━━━ Given data
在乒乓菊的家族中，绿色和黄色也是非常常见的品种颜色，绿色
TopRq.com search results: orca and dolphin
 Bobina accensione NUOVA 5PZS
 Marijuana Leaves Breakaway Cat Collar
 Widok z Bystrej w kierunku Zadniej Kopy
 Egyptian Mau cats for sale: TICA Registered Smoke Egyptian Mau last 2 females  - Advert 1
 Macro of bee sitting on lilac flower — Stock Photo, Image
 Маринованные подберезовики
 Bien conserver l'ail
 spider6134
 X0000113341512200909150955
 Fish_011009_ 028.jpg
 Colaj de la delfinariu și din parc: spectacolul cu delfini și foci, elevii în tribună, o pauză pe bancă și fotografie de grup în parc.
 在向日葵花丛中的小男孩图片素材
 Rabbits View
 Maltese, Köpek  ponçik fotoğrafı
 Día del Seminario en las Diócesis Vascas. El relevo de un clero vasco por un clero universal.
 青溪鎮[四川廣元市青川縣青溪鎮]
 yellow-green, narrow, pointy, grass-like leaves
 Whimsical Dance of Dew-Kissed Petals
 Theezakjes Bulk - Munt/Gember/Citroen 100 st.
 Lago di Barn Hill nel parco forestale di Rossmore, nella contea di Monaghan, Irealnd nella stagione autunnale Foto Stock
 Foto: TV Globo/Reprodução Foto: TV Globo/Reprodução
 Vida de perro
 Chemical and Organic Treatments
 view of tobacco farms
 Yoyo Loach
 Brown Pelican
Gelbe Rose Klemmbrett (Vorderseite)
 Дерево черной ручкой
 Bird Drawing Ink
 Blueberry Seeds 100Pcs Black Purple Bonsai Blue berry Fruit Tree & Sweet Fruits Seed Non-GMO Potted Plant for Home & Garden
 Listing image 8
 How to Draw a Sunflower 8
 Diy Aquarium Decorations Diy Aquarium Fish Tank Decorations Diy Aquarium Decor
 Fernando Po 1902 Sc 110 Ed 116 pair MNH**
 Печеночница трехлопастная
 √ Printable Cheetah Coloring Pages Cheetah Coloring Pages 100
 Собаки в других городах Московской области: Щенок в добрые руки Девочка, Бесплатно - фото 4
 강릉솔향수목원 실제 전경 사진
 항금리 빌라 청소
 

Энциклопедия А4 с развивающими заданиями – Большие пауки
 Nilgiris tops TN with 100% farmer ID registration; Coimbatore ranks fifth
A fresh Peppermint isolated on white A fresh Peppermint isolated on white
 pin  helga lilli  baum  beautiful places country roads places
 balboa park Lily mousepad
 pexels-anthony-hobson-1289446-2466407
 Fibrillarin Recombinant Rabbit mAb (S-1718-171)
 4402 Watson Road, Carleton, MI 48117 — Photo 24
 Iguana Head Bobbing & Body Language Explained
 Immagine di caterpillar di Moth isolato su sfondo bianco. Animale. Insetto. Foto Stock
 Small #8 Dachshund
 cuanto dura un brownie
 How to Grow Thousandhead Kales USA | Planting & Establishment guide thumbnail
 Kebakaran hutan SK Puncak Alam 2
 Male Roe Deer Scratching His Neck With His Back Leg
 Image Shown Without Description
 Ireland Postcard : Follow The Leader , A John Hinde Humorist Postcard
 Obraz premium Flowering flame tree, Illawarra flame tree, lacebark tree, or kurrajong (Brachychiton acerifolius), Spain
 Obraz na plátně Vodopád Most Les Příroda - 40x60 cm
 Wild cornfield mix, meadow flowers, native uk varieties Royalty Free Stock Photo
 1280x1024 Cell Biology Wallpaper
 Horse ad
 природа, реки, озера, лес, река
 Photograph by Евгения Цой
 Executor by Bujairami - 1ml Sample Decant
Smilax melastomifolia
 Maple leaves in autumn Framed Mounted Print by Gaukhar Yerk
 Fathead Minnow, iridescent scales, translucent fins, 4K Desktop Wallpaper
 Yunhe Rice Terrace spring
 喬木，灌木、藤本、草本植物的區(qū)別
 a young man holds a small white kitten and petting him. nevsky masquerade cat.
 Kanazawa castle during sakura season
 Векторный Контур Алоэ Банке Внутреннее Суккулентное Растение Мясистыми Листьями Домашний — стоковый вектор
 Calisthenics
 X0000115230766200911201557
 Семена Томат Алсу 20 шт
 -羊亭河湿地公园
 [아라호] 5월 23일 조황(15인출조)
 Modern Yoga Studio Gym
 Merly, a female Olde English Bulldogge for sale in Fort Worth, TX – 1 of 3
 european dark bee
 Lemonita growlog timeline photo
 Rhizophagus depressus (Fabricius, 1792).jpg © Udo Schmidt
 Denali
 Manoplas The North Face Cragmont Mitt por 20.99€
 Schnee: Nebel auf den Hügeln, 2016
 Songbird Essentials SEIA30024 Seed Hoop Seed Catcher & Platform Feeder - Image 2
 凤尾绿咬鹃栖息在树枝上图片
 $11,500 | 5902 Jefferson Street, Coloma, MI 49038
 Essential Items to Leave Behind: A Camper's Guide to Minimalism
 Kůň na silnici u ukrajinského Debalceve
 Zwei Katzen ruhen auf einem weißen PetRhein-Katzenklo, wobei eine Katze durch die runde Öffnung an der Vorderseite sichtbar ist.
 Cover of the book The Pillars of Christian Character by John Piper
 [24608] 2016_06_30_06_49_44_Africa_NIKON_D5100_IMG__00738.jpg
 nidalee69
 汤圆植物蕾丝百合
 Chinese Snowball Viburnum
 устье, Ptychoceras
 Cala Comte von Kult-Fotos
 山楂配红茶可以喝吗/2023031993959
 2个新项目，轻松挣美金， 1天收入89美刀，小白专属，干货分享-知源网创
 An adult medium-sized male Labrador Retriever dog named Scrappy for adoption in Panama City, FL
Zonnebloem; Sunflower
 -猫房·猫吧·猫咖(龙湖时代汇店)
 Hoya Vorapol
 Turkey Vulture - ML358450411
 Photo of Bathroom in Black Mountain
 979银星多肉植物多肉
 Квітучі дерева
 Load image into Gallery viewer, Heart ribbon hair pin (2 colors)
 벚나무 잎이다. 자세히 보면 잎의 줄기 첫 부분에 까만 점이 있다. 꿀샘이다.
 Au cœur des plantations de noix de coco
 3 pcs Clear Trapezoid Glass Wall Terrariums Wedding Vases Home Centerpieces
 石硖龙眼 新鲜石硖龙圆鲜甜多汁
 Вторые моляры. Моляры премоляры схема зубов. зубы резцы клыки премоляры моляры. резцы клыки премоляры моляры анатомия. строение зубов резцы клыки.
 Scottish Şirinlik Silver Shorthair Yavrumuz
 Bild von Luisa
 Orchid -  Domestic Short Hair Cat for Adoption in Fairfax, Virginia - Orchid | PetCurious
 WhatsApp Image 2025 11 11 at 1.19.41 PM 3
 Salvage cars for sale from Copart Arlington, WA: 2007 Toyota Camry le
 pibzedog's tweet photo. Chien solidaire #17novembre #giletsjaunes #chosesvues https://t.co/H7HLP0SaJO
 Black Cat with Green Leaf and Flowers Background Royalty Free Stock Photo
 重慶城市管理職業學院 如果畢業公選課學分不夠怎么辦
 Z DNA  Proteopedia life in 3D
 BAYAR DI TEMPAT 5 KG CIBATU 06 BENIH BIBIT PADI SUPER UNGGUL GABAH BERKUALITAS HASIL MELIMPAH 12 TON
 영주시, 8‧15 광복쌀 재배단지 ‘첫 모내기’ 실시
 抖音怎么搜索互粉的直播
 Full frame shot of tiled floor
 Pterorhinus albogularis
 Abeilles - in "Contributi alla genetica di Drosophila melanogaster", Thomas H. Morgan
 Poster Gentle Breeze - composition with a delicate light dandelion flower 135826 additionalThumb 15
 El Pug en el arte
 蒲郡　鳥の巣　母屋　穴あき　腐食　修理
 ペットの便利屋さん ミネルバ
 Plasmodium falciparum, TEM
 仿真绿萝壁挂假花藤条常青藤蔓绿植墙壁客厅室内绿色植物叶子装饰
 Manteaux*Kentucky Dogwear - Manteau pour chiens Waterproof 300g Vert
━━━━━━
What to produce: Taking the line with "Iguana Head Bobbing" as the first and the line with "Kebakaran hutan SK Puncak Alam 2" as the last, retype that stretch of the data above exactly, with no other lines.

Solution to the exercise:
 Iguana Head Bobbing & Body Language Explained
 Immagine di caterpillar di Moth isolato su sfondo bianco. Animale. Insetto. Foto Stock
 Small #8 Dachshund
 cuanto dura un brownie
 How to Grow Thousandhead Kales USA | Planting & Establishment guide thumbnail
 Kebakaran hutan SK Puncak Alam 2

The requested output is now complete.